この問題が表沙汰になり事態が動いた背景には、とあるウェブサービスがある。それが「Change.org」だ。Change.orgは、誰でも、社会的な運動(「キャンペーン」)を呼びかけ、オンライン上で署名を集めることができるサービスで、現在、196ヵ国に住む2000万人のユーザーが利用している。
「帰りの切符は男女平等に取り扱ってほしい」というキャンペーンを、なでしこファンであり、幼なじみのときに一緒にサッカーをしていた藤本奏子さんと小宮怜奈さんが発信。すると、2週間で2万人以上の賛同者から署名が集まり、世界中のメディアがこの件について報道。英ガーディアン紙にも取り上げられ、決勝戦終了後にはロンドンのオリンピックスタジアムにてBBCによるインタビューも放送されるほど、このキャンペーンは広がっていった。

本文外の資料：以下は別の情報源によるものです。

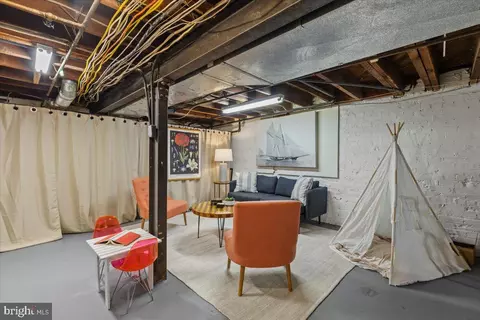 2840 27th St NW, Washington, DC 20008 photo 41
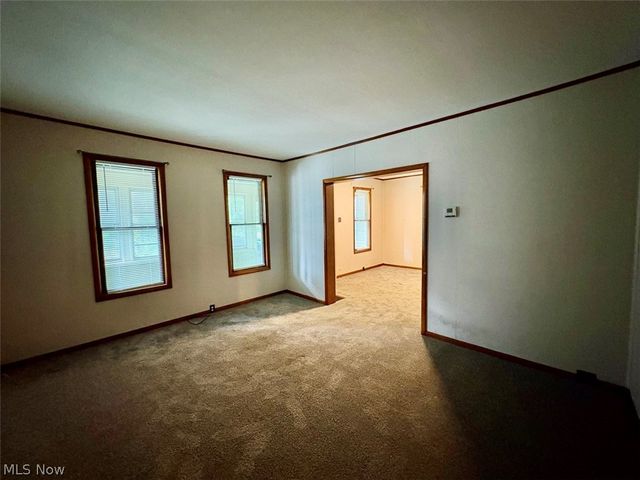391 E Voris Street, Akron, OH 44311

Change.orgに投稿されているキャンペーンは、このような身近な義憤や要望から、国際社会の関心の高い人権問題や被災者支援まで多岐に渡っている。そして社会問題に対する熱量が高い人々が集まっていることも特徴だ。
例えば人権に関する事例では、ノーベル平和賞受賞者(1984年)であるケープタウン名誉大司教デズモンド・ムピロ・ツツ氏は、同じくノーベル平和賞を受賞(2010年)したにもかかわらず、中国の警察によって拘留されたままの劉暁波氏と、自宅に軟禁されている妻の劉霞氏を解放すべく呼びかけ、38万人を超える署名を集めている。
また、震災に関連する事例では、福島県郡山市に住む母親が、福島県が発表した2012年12月28日で県外の借り上げ住宅の新規受付打ち切りを撤回すべく呼びかけ、9万6000人以上の署名を集めている。一個人がこれだけの署名を短期間で集めるプラットフォームはこれまで確立されてこなかったと言ってよい。
ユーザーが「Change.org」でキャンペーンを行うためには、キャンペーンページを作成する必要がある。まず、賛同者の署名を届けたい相手、働きかける相手に取ってほしい行動、その問題が市民にとって重要な理由を入力する。その後、キャンペーンの詳細であるタイトルや告知するための写真やビデオ、働きかける相手の連絡先・メッセージなどを入力。すると、Change.org上に署名入力用フォーム付きのキャンペーンページが投稿される。とてもシンプルな仕組みなので、想いはあるが、ウェブに詳しくないという人でも参加しやすい。
キャンペーンページが投稿されてから、賛同者を募り、実際に問題の責任者に働きかけるまでのプロセスは草の根的だ。ソーシャルメディアを通じてキャンペーンを告知する、関連するブロガーがメーリングリストに呼びかける、団体や組織を味方につける、責任者の連絡先を突き止め署名を提出する、対話する機会を持つ、想定問答で練習するなど、サイト上ではキャンペーンを成功させるためのノウハウの共有も進んでいる。
厳しい経済・雇用情勢、また自然災害の不安が続く中、いつ自分が社会的に弱い立場に立たされるかは誰も予測できない。厳しい立場の人々への理解と支援を身近に感じることができるChange.orgによって、“社会を変えたい”“問題を抱える人を救いたい”という思いを、現実の行動に移すきっかけがつかめるはずだ。